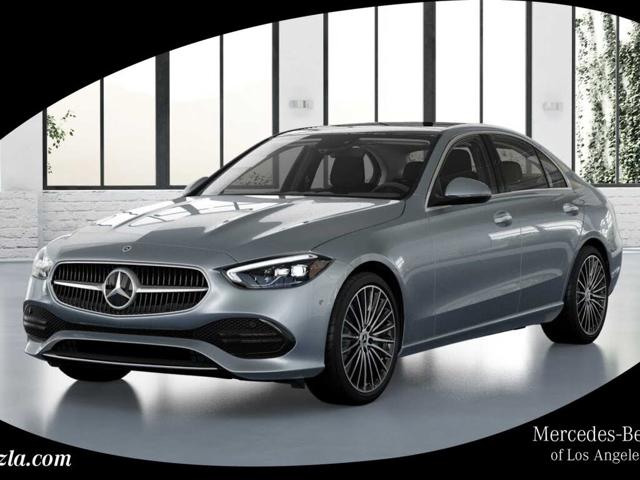 2026 Mercedes-Benz C-Class C 300 RWD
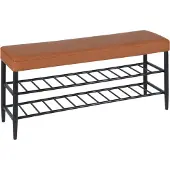 Relaxdays Schuhbank (100 x 30 x 50 cm)
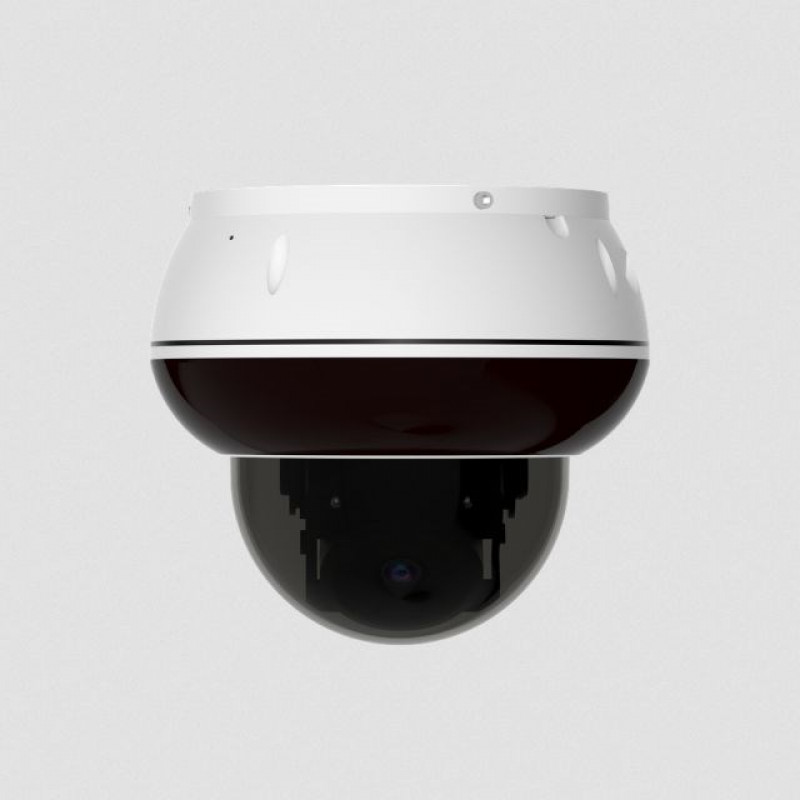 Kamera FOSCAM PoE D8ET 8MP Biała
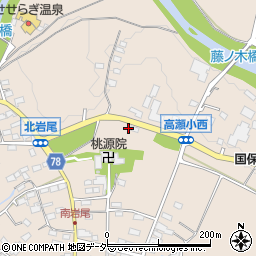 長野県佐久市鳴瀬1058-1周辺の地図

Brief —
In your copy of the listing above, every line must match exactly and no picture may appear.

Written answer —
 2026 Mercedes-Benz C-Class C 300 RWD
 Relaxdays Schuhbank (100 x 30 x 50 cm)
 Kamera FOSCAM PoE D8ET 8MP Biała
 長野県佐久市鳴瀬1058-1周辺の地図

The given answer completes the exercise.